Gotcha!! Brine/Cure?  I just type and words come out, but you understand. As I said, this is a purely off the cuff thing so hopefully it works out. Charcuterie is not the rabbit hole I'm looking for.  I want to do smoked sausage... Kielbasa style etc, but that's a thread for another day.


----------



## indaswamp (Jul 30, 2022)

Well, when you are ready to tackle sausages...we got ya covered!


----------



## LoydB (Jul 31, 2022)

mr_whipple said:


> Charcuterie is not the rabbit hole I'm looking for.



12 months later:


----------



## indaswamp (Jul 31, 2022)

You and I are gonna get along GREAT!!! LOL!! What all do you have hanging?


----------



## MileHiGuy (Jul 31, 2022)

This sounds awesome.  I think I'm gonna have to try this.  I'll watch the video too.


----------



## mr_whipple (Aug 13, 2022)

Off we go.

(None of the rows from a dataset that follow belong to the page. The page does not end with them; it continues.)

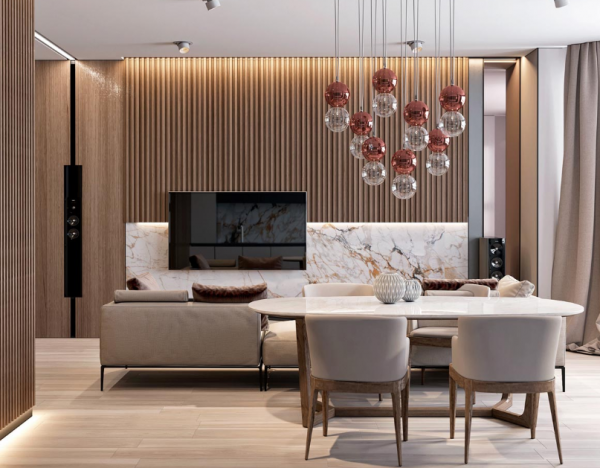 Kombinasi Material Kayu dan Marmer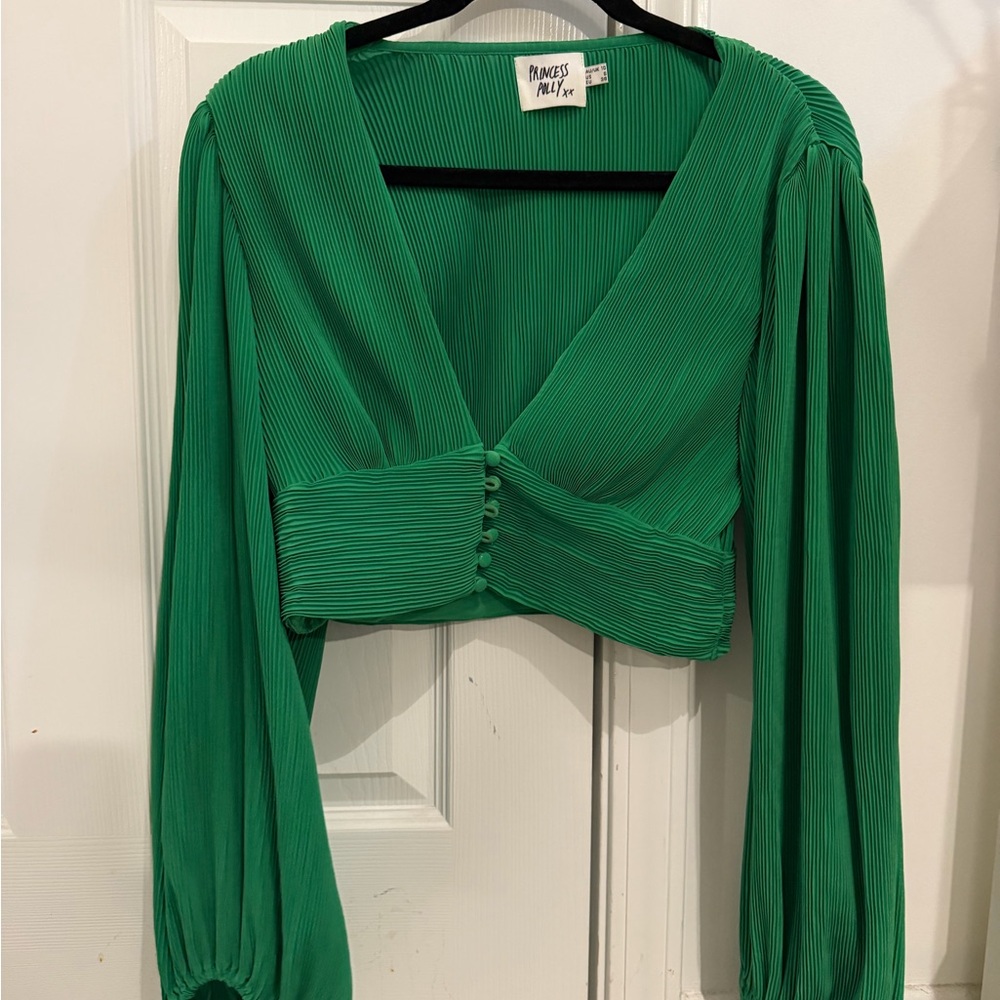 Princess Polly Emerald Pleated Blouse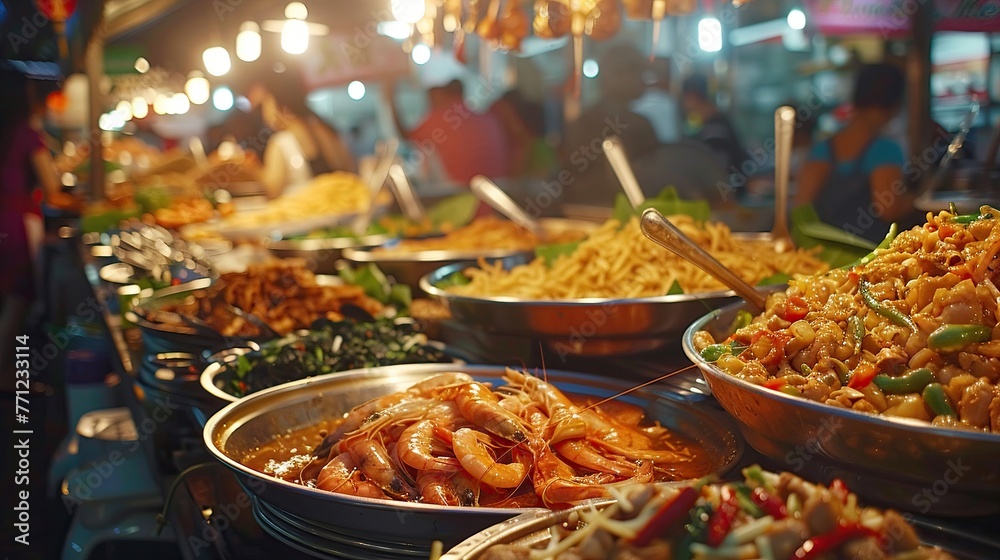 Colorful Thai street food scene, bustling with spicy, sweet, and sour sensations, ready to awaken your senses , HD, 4K, Hyper realistic, High resolution DSLR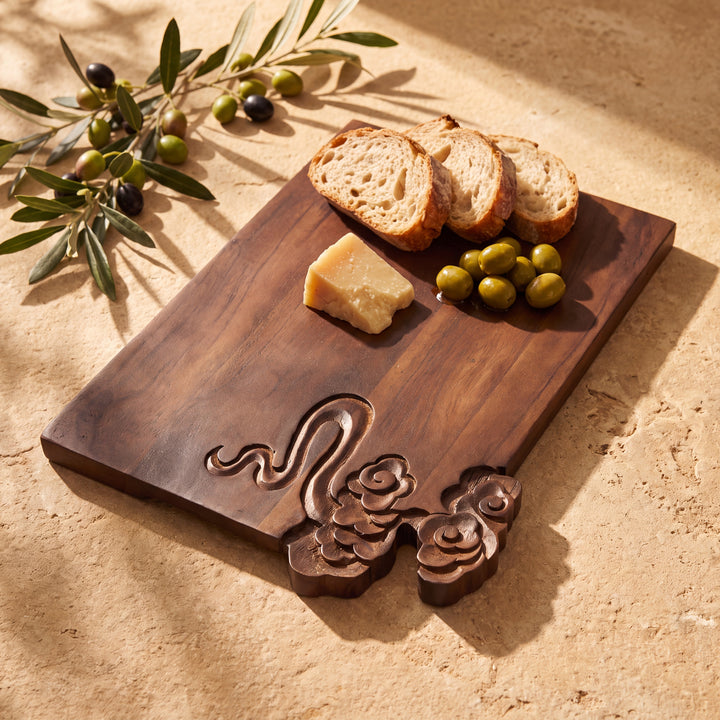 Hand Carved Eastern Drift Acacia Wood Serving Platter – Split Edge Finish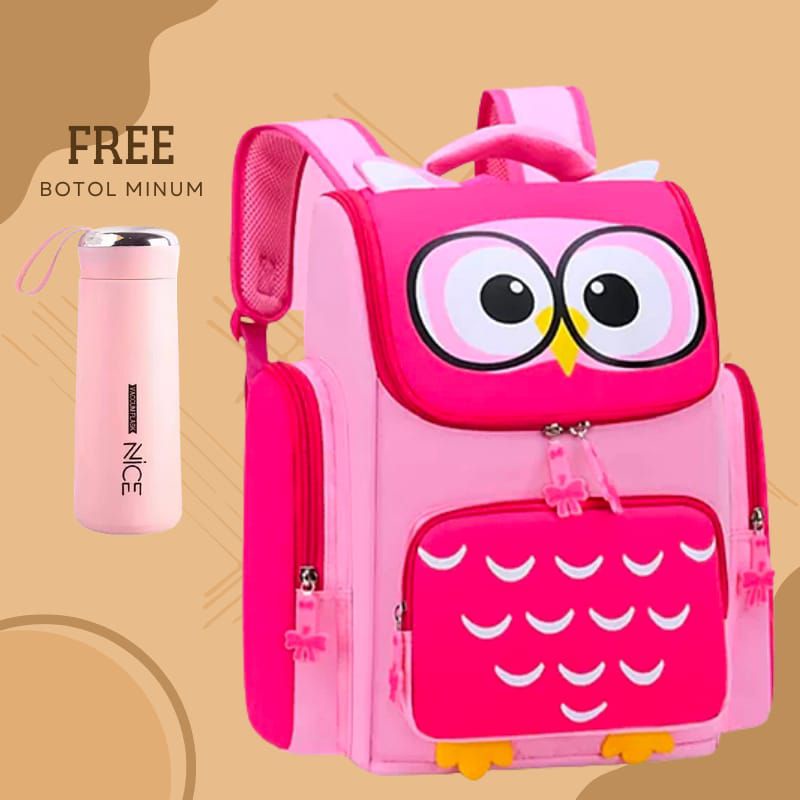 Tas Ransel Anak Sekolah Karakter Fashion OWL Ransel Anak Cewek Cowok Bisa ( COD )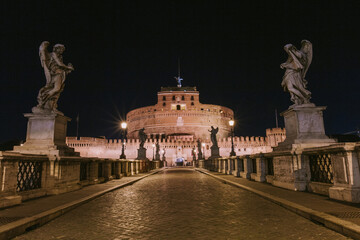 Rome, Italy, Castle of St. Angelus at night with illumination.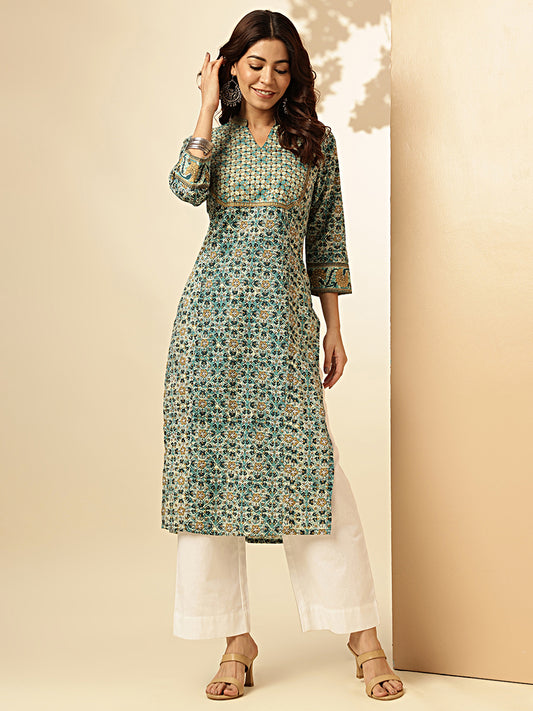 Floral Printed Straight Cotton Aqua Blue Stiched Kurta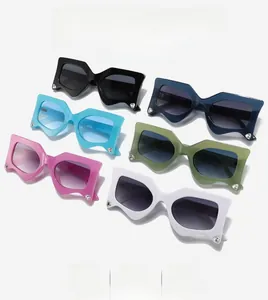Flat lay of trendy geometric rhinestone sunglasses in six diverse stylish color options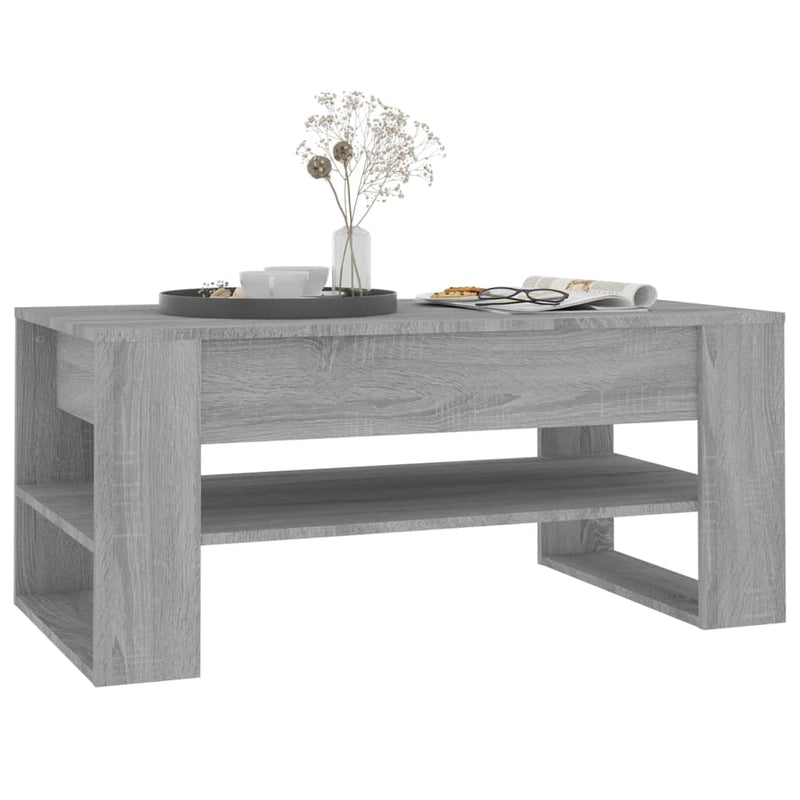 vidaXL szürke sonoma színű szerelt fa dohányzóasztal 102 x 55 x 45 cm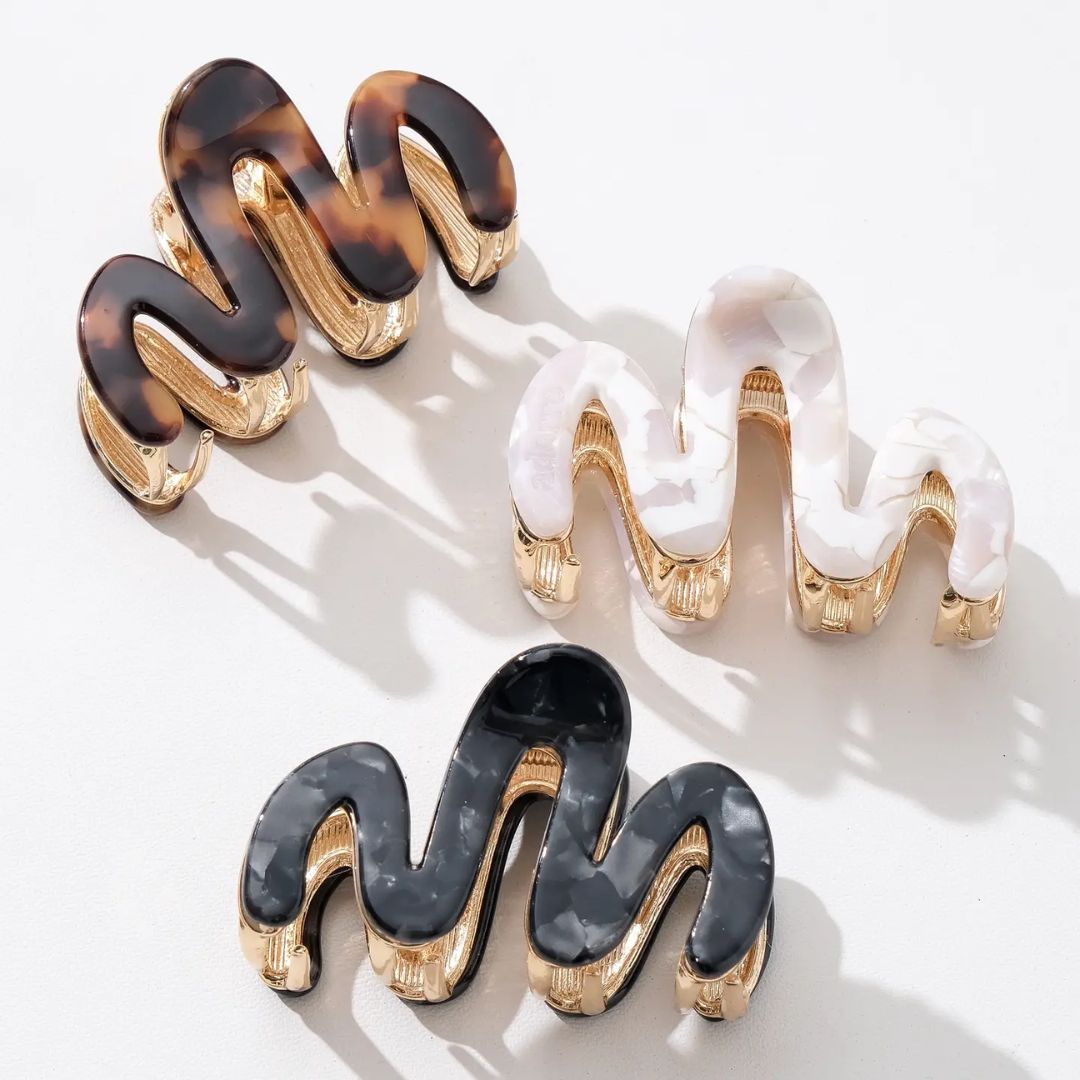 Adorro Squiggle Metal Claw Clips, PRODUCT: Willow Vintage Snow—Mini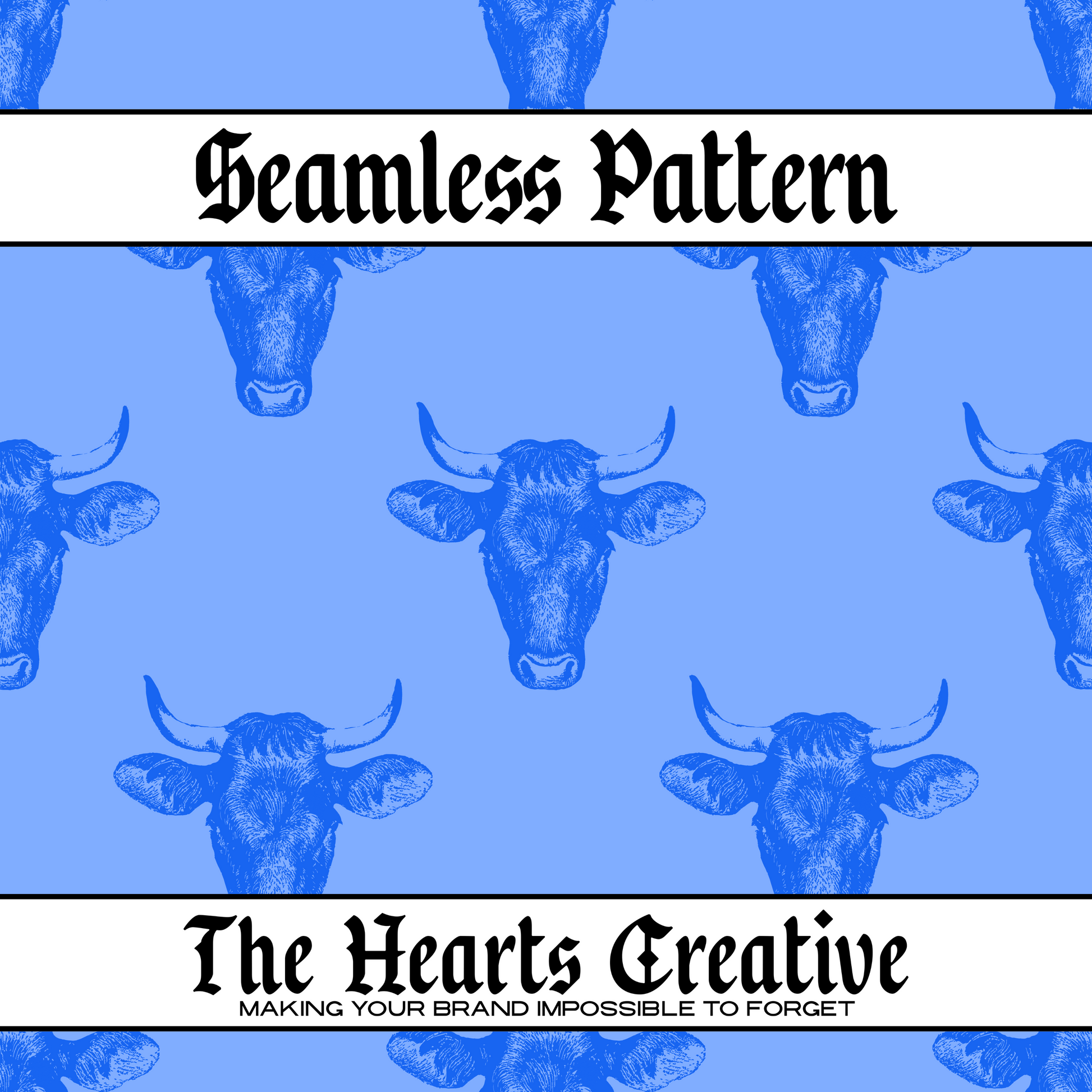 Dark blue bull silhouettes on light blue seamless pattern background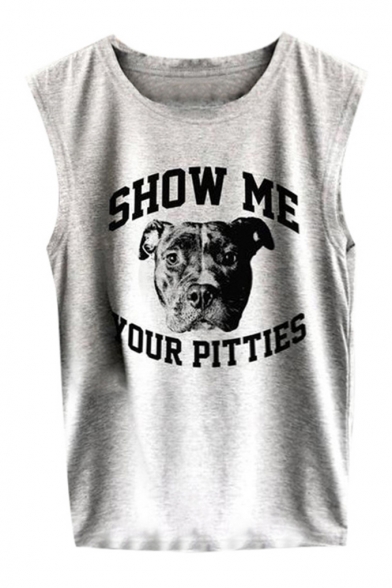 Letter SHOW ME YOUR PITTIES Dog Print Loose Leisure Sleeveless Round Neck Tank Top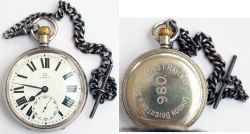 London Brighton and South Coast Railway nickel cased pocket watch with a Swiss Omega top wound and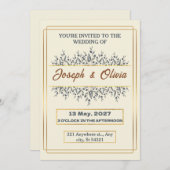 Bruiloft een elegante beige achtergrond gouden ran kaart (Voorkant / Achterkant)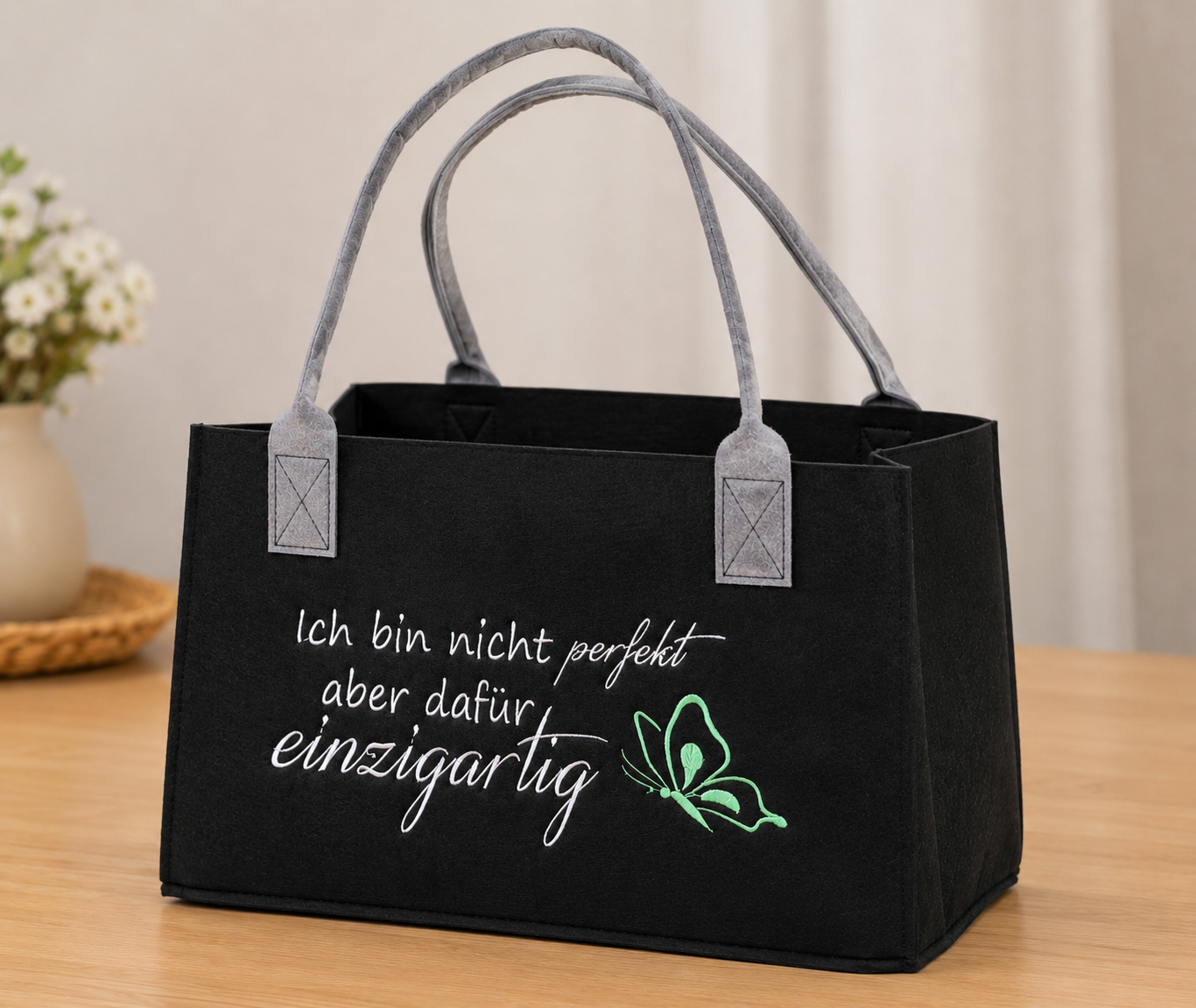 Filztasche Unica Ich bin nicht perfekt einzigartig 40 cm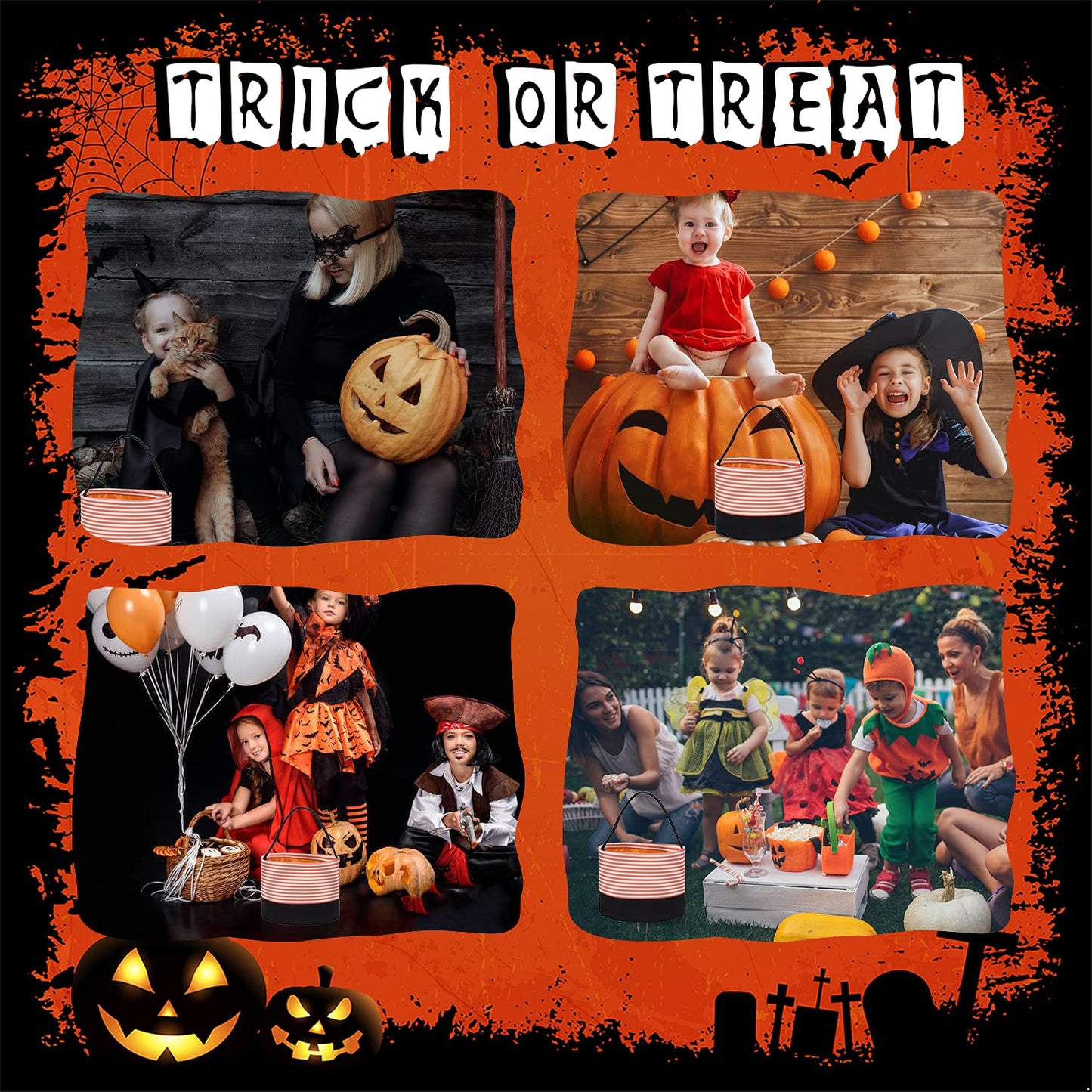 Halloween Candy Buckets Candy Baskets Halloween Trick or Treat Bags Polka Dot Halloween Party Favor Bags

I got very busy during the week and decided this was going to have to ride it out till today, making it 14 days in the cure. Oh boy did that thing smell good coming out of the vacuum bag! Being in the vac seal kind of flattened it a bit, but once I wrapped it and put it in the netting it shaped up a little. I'm hoping gravity rounds it out a little as it hangs. Guess we'll see.  
Not the best pic... but hey, I'm not a photographer or a long list of other things.
Thanks for looking.


----------



## indaswamp (Aug 13, 2022)

The trussing is to get a more uniform shape for drying....if the piece is irregular, you will get some spots that are drier than others, but that can be fixed by removing the casing and vacsealing, then put back in the fridge to allow the moisture to equalize in the piece..


----------



## mr_whipple (Aug 13, 2022)

Fingers crossed. At 1827 grams 35% loss means this is gonna be in the fridge for a while.


----------



## indaswamp (Aug 13, 2022)

...and umai dries a little slower than at regular curing chamber temps.....but it'll be worth it!


----------



## chopsaw (Aug 13, 2022)

mr_whipple said:


> 35% loss means this is gonna be in the fridge for a while.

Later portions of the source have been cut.